While there are many nuances to the defense of impossibility/impracticability,  this defense has been notably recognized as suitable for circumstances in which a “prevention of law” occurs—that is, where an unforeseen act of governmental authority renders a party’s performance of a contractual duty impossible or impracticable.4 In light of Gov. Tim Walz’s numerous executive orders concerning covid-19 (imposing restrictions on essential and non-essential businesses), parties may find themselves using the defense of impossibility/impracticability more frequently. 

Frustration of purpose

The defense of frustration of purpose, on the other hand, focuses on a party’s principal purpose in entering a contract, rather than a party’s ability to perform a contract. The defense of frustration of purpose excuses, in whole or in part, a party’s performance of a contractual duty where: (1) the contracting party’s principal purpose for entering into the contract has been frustrated; (2) due to no fault of the party; (3) by the occurrence of an event, the “non-occurrence of which was a basic assumption on which the contract was made.”5 

Parties seeking to use this defense should pay particular attention to whether the frustration temporarily suspends the party’s contractual duty to perform or discharges the party’s performance altogether. Indeed, where a frustration is only temporary, a party’s contractual obligation is, similarly, temporarily suspended. A party’s contractual obligation is discharged only where performance of a contract would be considerably more burdensome after the frustration concludes than it would have been had no frustration occurred;6 the same applies equally to the application of impossibility/impracticability. 

Key takeaway

Whether a party was (or is) justified in excusing performance under a contract, or abandoning a contract altogether, due to covid-19 may be the key issue flooding the courts in 2021. In order to protect clients now and in the future, it is best practice to ensure that any contract includes a well-drafted force majeure provision, so that the unprecedented will not also prove the party’s undoing. 

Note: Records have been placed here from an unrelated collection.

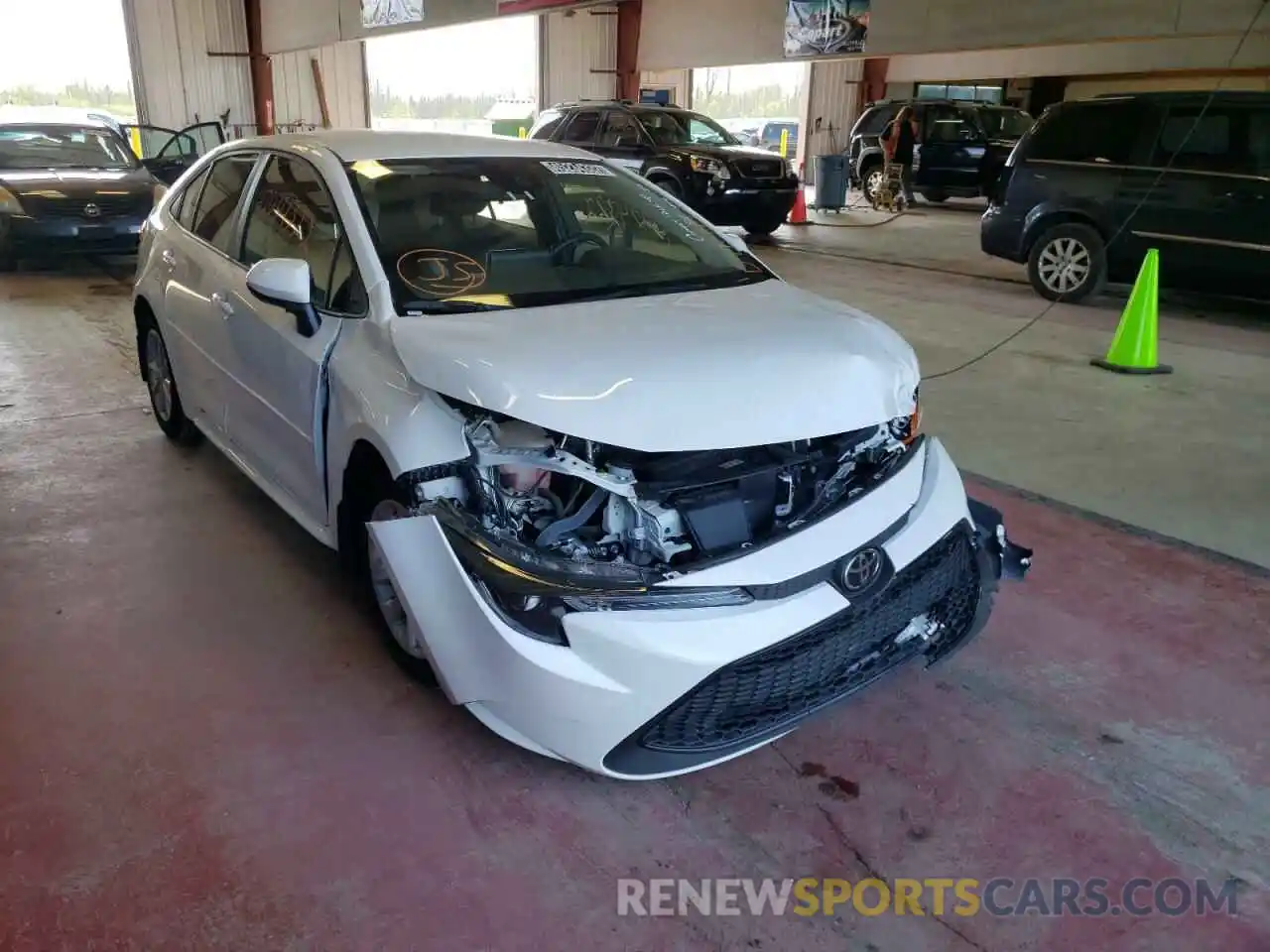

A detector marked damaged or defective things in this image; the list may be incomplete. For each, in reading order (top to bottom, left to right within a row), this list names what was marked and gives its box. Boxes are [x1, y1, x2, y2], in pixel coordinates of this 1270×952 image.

white damaged sedan [131, 130, 1031, 776]
damaged headlight [437, 502, 751, 645]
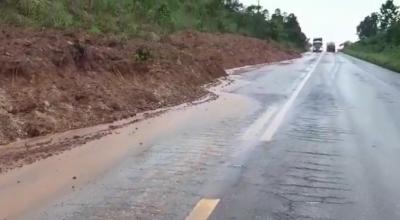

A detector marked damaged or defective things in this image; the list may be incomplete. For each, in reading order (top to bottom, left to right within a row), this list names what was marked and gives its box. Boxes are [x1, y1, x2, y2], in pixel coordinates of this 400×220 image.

cracked asphalt [3, 52, 400, 219]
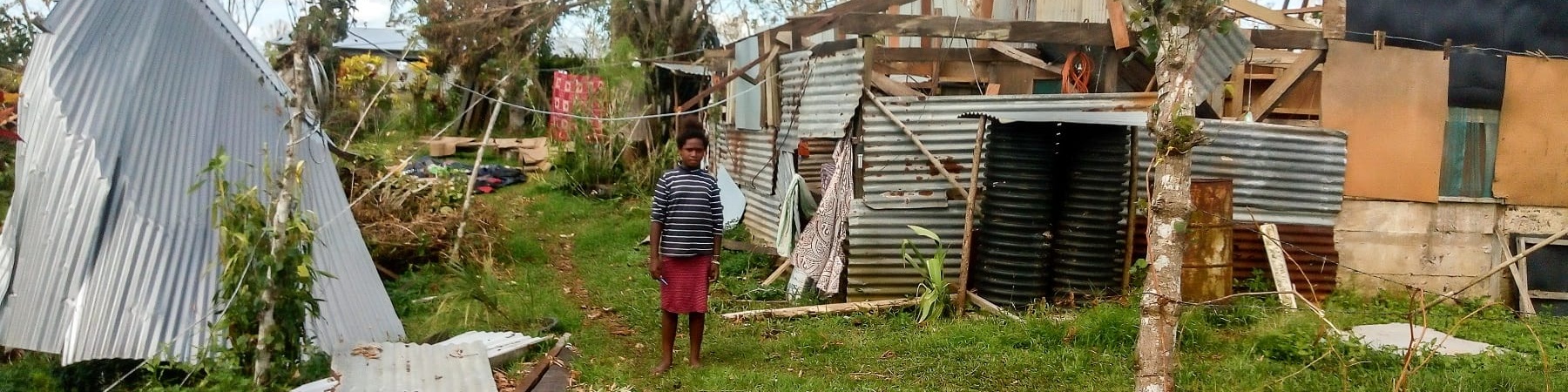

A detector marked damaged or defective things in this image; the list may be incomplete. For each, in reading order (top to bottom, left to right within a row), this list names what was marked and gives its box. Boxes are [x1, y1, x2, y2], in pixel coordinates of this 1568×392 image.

torn roofing [3, 0, 404, 364]
damaged structure [3, 0, 404, 364]
rusty metal wall [847, 199, 969, 300]
rusty metal wall [857, 93, 1150, 210]
damaged structure [714, 0, 1568, 312]
rusty metal wall [1192, 179, 1240, 303]
rusty metal wall [1136, 118, 1352, 226]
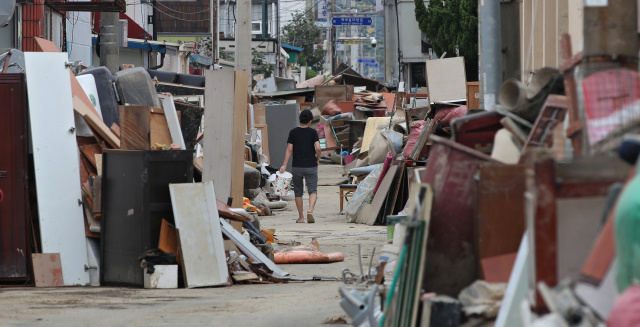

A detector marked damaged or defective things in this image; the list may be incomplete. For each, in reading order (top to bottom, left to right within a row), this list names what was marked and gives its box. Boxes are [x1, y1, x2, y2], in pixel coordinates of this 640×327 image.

rusty metal panel [0, 73, 29, 280]
rusty metal panel [422, 135, 502, 298]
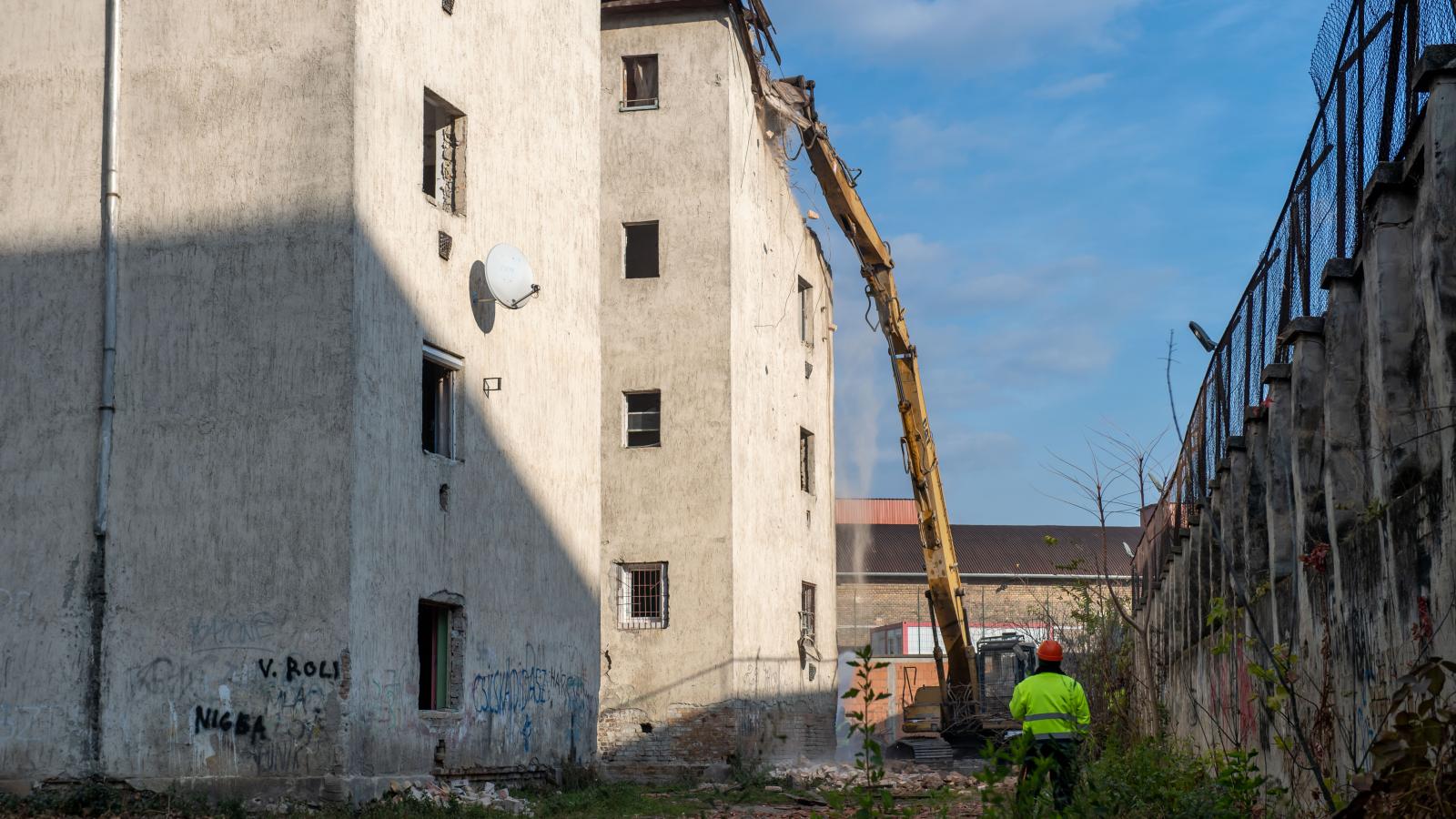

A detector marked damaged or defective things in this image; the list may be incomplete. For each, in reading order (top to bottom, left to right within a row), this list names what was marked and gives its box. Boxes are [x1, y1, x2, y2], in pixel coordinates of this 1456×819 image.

broken window [620, 55, 661, 109]
broken window [422, 90, 466, 211]
broken window [622, 221, 658, 278]
broken window [422, 342, 460, 460]
broken window [632, 387, 666, 446]
broken window [617, 556, 666, 626]
broken window [797, 580, 821, 638]
broken window [416, 600, 460, 708]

RACHEL D. ZAIGER is an associate at Dady & Gardner, P.A., where she represents franchisees, dealers, and distributors throughout the United States in their relationships with franchisors, manufacturers, and suppliers.


1 See Melford Olsen Honey, Inc. v. Adee, 452 F.3d 956 (8th Cir. 2006) (applying Minnesota law). 

2 See, e.g., id. 

3 Powers v. Siats, 70 N.W.2d 344, 348 (Minn. 1955). 

4 See, e.g., Automatic Alarm Corp. v. Ellis, 99 N.W.2d 54 (Minn. 1959); Vill. of Minnesota v. Fairbanks, Morse & Co., 31 N.W.2d 920 (Minn. 1948); Meier v. First Commercial Bank, No. A12-146, 2012 WL 3101290, at *3 (Minn. Ct. App. 7/30/2012). 

5 City of Savage v. Formanek, 459 N.W.2d 173, 176 (Minn. Ct. App. 1990). 

6 enXco Dec. Corp. v. N. States Power Co., 758 F.3d 940, 945 (8th Cir. 2014) (citing the Restatement (Second) of Contracts §269 and applying Minnesota law).